Records contained in a dataset

---+---

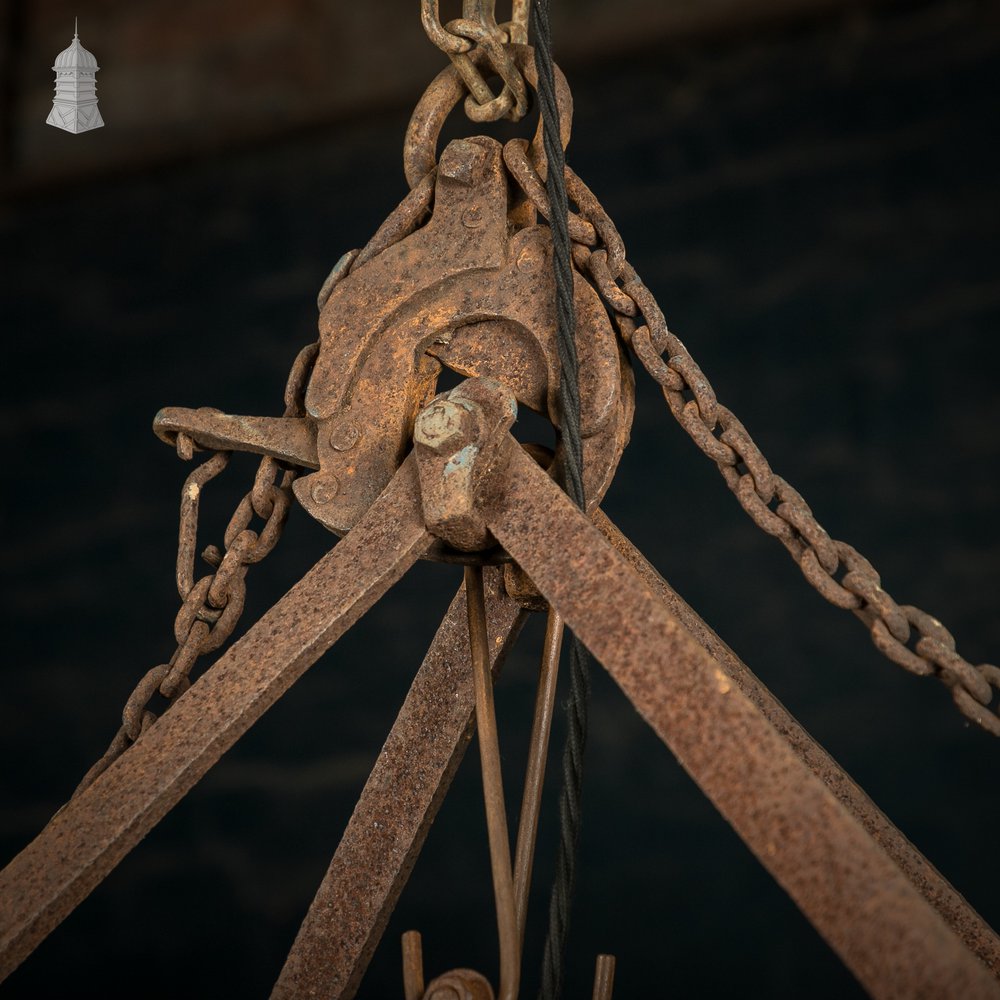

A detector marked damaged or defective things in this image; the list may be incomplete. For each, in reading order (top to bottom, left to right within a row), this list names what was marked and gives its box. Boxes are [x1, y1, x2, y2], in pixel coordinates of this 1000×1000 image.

rusty chain [420, 0, 532, 123]
rusty chain [74, 344, 316, 796]
corroded iron bar [0, 456, 434, 984]
corroded iron bar [270, 568, 528, 996]
corroded iron bar [484, 450, 1000, 1000]
rusty chain [504, 139, 1000, 736]
corroded iron bar [592, 508, 1000, 976]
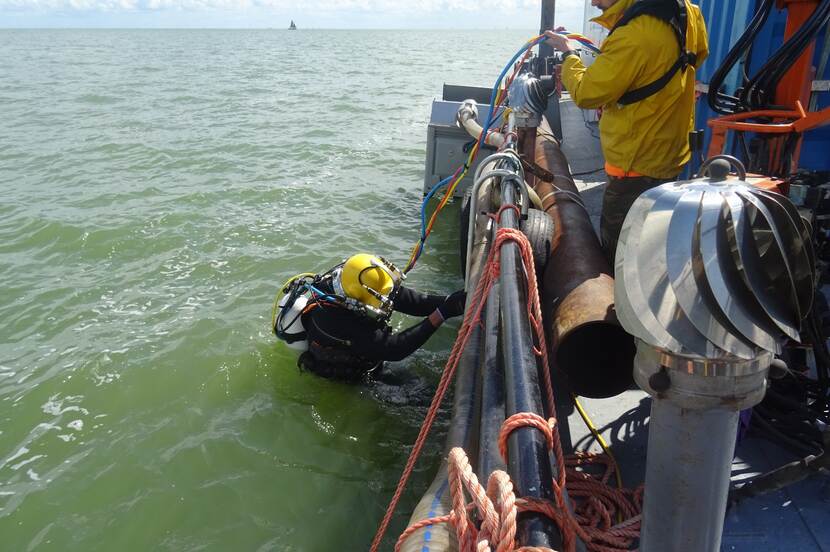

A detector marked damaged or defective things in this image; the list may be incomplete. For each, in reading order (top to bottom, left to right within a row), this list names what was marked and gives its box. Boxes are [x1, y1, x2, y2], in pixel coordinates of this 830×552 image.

rusty pipe [528, 119, 632, 396]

---+---

- [Your task]:
Could every entry be restated word for word, pictures excluded?

- [Task output]:
A detector marked damaged or defective things in this image; the list may be incomplete. For each, in reading order (top to bottom, left to right within a row), this list names what was marked and gives its box. Boxes are [x1, y1, x2, y2], in pixel coordinates of this 1000×1000 image.

rusty chain [420, 0, 532, 123]
rusty chain [74, 344, 316, 796]
corroded iron bar [0, 456, 434, 984]
corroded iron bar [270, 568, 528, 996]
corroded iron bar [484, 450, 1000, 1000]
rusty chain [504, 139, 1000, 736]
corroded iron bar [592, 508, 1000, 976]

A detector marked damaged or defective things in this image; the list may be incomplete. For each, in reading order (top to bottom, left to right within a row), this list names what was marked and gives its box. Boxes are [x1, y1, x2, y2], in pixel coordinates of this 830×552 image.

rusty pipe [528, 119, 632, 396]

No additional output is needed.